All of this os gonna sound a bit wacky, I'm sure.  Certainly not anbything of a sound and sober mind, the pensive thinker who's just lost a dear friend.  No.  That person was yesterday.  That person is slowly driftin away on the cool currents of Seagrrams 'Jamaican Me Happy' - very tasty by the way.  That person has met up with this person, who's bent easily in the chair and thinking happy happy memories of a plump and joyful cat that was as personable as an animal ever gets.  A cat who shared nearly every waking, homebound moment of minewithin some close proximity of me.  I mean, you always hear about how cats love their indepoendant and solitary lives.  Parrot's life was me, it seemed.  Always.

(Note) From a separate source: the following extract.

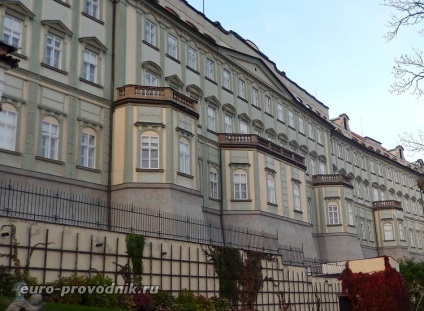 Castelul Praga din Praga, care arata din partea de est a cetatii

Every morning he was on the bed when I wpoke.  He rarely strayed from me.  He would greet me at the door when I came home from whereever I'd been.  and he followed me to bed at nights.  He was *always* there.  If he wasn't there and I wanted him to be, all I ever had to do was snap my fingers and he would come running.  And if I stood over him and patted my hands against my chaest, he would rise up ion his hind legs and reach for me like a child waiting to be picked up and held.  He gave kisses and snuggled his face up under my chin, and he would wrap his paws around my neck.  And he always purred so loudly.  A thick and happy rumble that sometimes helped me to sleep.  Even up and into his late age, he loved to play.  He and Mitten would run across the house like the terrors of the earth, wrestling and knocking over furniture and shedding hair to the far corners and everything in between.  And when Mitten wasn't in the mood, Parrot would play with me, stalking and fighting with my hand from beneath a chair or from around a corners.  Oh, all the things he filled my life with.  So much happiness.  So much.

I always called him my 'middle child'.  Younger thn Tasha and Chris, but older than Cody and Justice.  So, eah.  He's the middle chold of my family.  And in a way, he was Rich's *first* child.  I guess...

He's actuyally taking Parrot's loss harder than I am, I think.  He cried more over losing Parrot than he did over losing his grandmother a few years ago.  Matter of fact, I don't remember him really crying at all when his grandmother passed away.  And that says a lot.  He always said he's not a cat person.  But he cried so hard whe we put him down.  And then cried with me as we buried him.  And then he cried when he came to bed last night.  I never would have guessed that he was as attached to Parrot as I was.  Honestly, I don't think even he realized how attached he was to Parrot until we had to let him go.  I hope he will learn to rememebr the good times as much as I do... that I'm trying to do, anyway.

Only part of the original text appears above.